Below are records to write out exactly; drop the pictures when you do.

[Start of section]

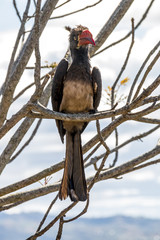 Portrait of Crowned Hornbill Bird Perched on Branch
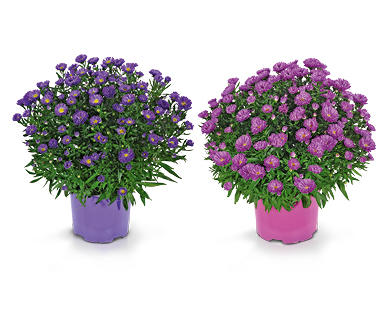Aster autunnale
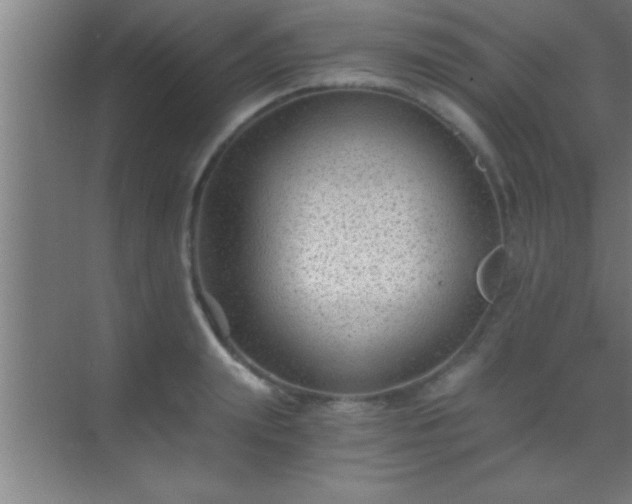 X0000069830847200605261839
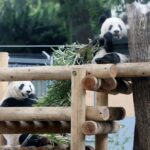 Новини світу - Китай поверне усіх панд із Японії вперше за 50 років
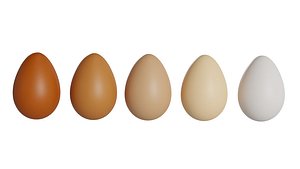 Realistic Eggs - 5 Variations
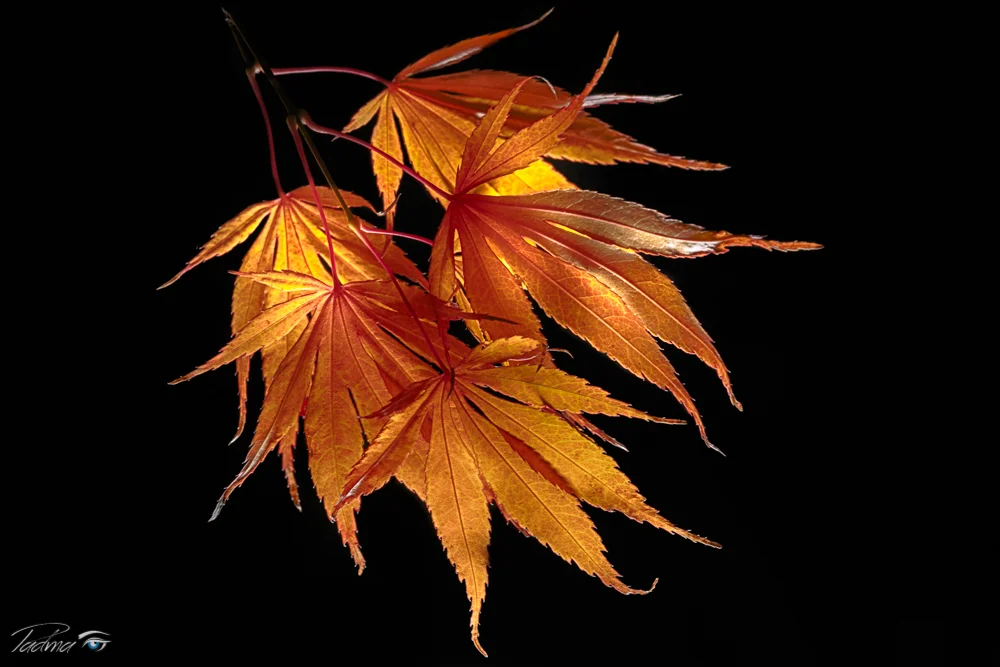 16-11-22-Leaves-089-Edit-Web.jpg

[End of section]

> _Result_:
 Portrait of Crowned Hornbill Bird Perched on Branch
Aster autunnale
 X0000069830847200605261839
 Новини світу - Китай поверне усіх панд із Японії вперше за 50 років
 Realistic Eggs - 5 Variations
 16-11-22-Leaves-089-Edit-Web.jpg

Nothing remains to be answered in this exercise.